Asked by Michal Kvasnicka
on 20 Oct 2017

Hi, this is my code for permutation cycles counting. Any idea how to vectorize it to get some additional speedup for large set of permutations?

function count = PermCyclesCount(p)

[nR,nE] = size(p);

count = zeros(nR,1);

for j = 1:nR

i = 0;

count(j) = 0;

while i < nE

i = i + 1;

if p(j,i) > 0

flag = false; % flag is just to trick the computer into entering the while loop

first = i;

while (first ~= i) || ~flag

flag = true;

r = first;

first = p(j,first);

p(j,r) = 0; % The entries in the cycle are changed to zero to indicate that they have been `used'

end

count(j) = count(j) + 1;

end

end

end

end

Some testing data:

[~,perms] = sort(rand(1000000,60),2);

tic;c= PermCyclesCount(perms);toc

Elapsed time is 1.559758 seconds.

Answer by Jan
on 20 Oct 2017

Edited by Jan
on 20 Oct 2017

Accepted Answer

% VERSION 1

[nR, nE] = size(p);

count = zeros(nR, 1);

for j = 1:nR

q = p(j, :); % <== Cut out a vector to operate on

i = 0;

while i < nE

i = i + 1;

if q(i) > 0

flag = false;

first = i;

while (first ~= i) || ~flag

flag = true;

r = first;

first = q(first);

q(r) = 0;

end

count(j) = count(j) + 1;

end

end

end

This tiny change let the code run in 1.41 instead of 2.37 sec on my computer.

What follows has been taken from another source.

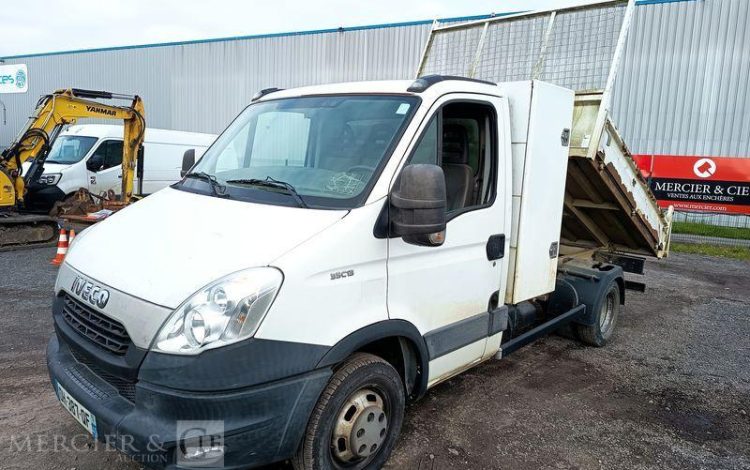 IVECO 35C15.6 BENNE SIMPLE CABINE COFFRE  DH-387-QF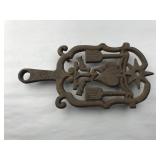 Wilton CastIron Trivet Pennsylvania Dutch Folk Art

And this in 1.25 sec without the flag:

% VERSION 2

[nR, nE] = size(p);

count = zeros(nR, 1);

for j = 1:nR

q = p(j, :);

for i = 1:nE

if q(i) > 0

f = q(i);

q(i) = 0;

while f ~= i

r = f;

f = q(f);

q(r) = 0;

end

count(j) = count(j) + 1;

end

end

end

Michal Kvasnicka
on 20 Oct 2017

But your last code is about 2 times faster than mine. Thanks!

tic;c_= PermCyclesCount_(perms);toc

Elapsed time is 0.797457 seconds.

Jan
on 20 Oct 2017

This code is 20% faster, if the data a provided in columnwise order:

[~,perms] = sort(rand(60, 1000000), 1);

% VERSION 2.1

[nE, nE] = size(p); % <== Swapped

count = zeros(nR, 1);

for j = 1:nR

q = p(:, j); % <== Copy column

for i = 1:nE

if q(i) > 0

f = q(i);

q(i) = 0;

while f ~= i

r = f;

f = q(f);

q(r) = 0;

end

count(j) = count(j) + 1;

end

end

end

The C code is even 33% faster - see in the other answer.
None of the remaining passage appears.